Mental Hygiene: What It Is and How to Recognise When You Need It
Mental hygiene rests on one straightforward principle: before you can protect yourself, you need to understand what you are protecting yourself from. Without that understanding, no practice will work — it becomes empty ritual.
What mental hygiene actually is
It is not simply a collection of healthy habits. At its core it follows a three-step logic: first, education — learning how the mind works and what damages it; then hygiene proper — stopping the things that "poison" you; and finally direction — actively supporting what preserves and develops neuroplasticity. The third step only becomes possible after the first two.
How to recognise when mental hygiene is breaking down
One of the key signals is perfectionism — when any deviation from an "ideal" produces internal tension, anxiety, or agitation. A simple test: can you walk away once something is "good enough," or does an unrelenting inner restlessness hold you in place? If you cannot leave calmly, that is already a signal. Crucially, perfectionism is not a disease in itself — it is a manifestation, a symptom pointing to a deeper underlying state.
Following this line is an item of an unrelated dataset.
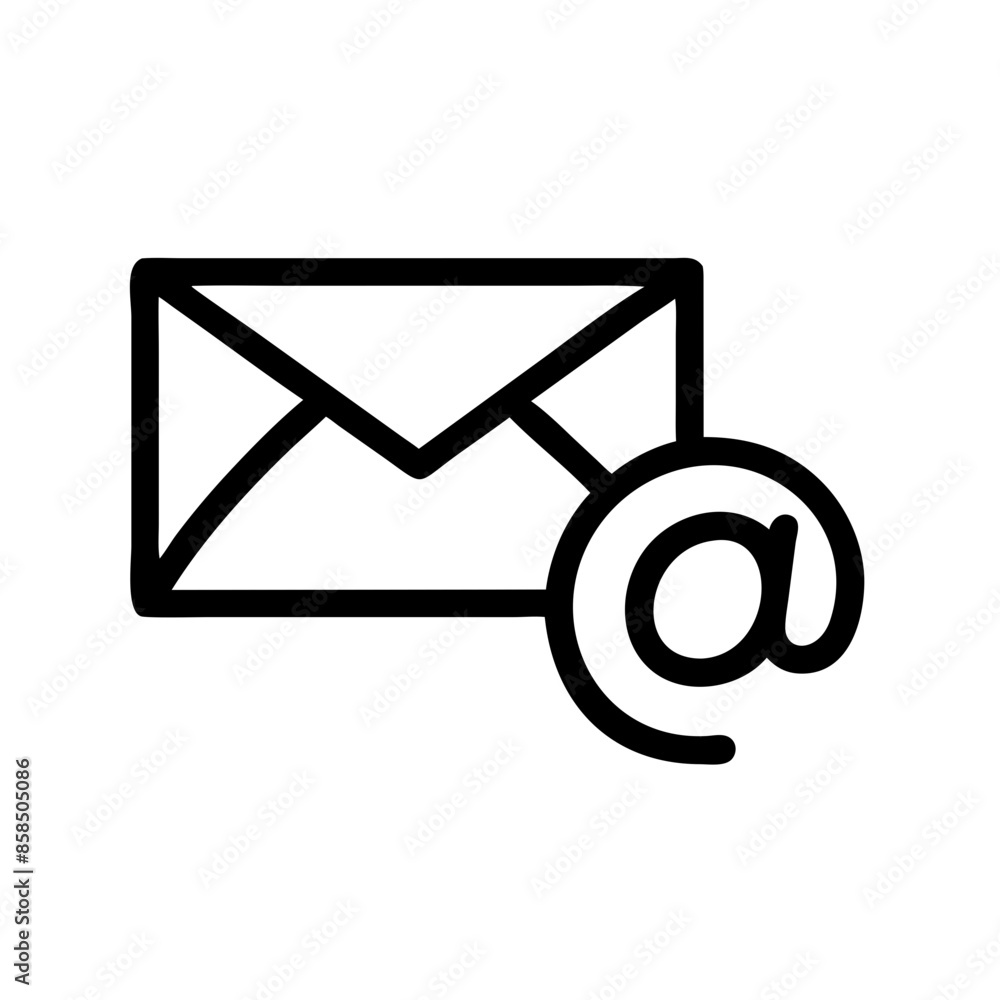 Email Icon: Envelope Message Symbol for Digital Communication Web Interface Email Icon: Envelope Message Symbol for Digital Communication Web Interface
Another marker is the absence of what might be called the "healthy-psyche syndrome": a vivid, rich experience of life that must not be confused with euphoria or artificially induced excitement. When that quality of aliveness is missing, it too signals that mental hygiene deserves attention.
Why classical concepts matter
The doctor deliberately uses classical terms — for example, psychasthenia — rather than fashionable words like "burnout." The reason is straightforward: people have lived on this planet for a long time, and time-tested concepts describe reality more precisely without leading us astray. Understanding *exactly what* is happening in one's mind is itself the first layer of mental hygiene.
Educational material. Not a diagnosis or a substitute for an in-person consultation; in an acute state, seek a doctor (emergency — 112).
Андрис Саулитис, M.D.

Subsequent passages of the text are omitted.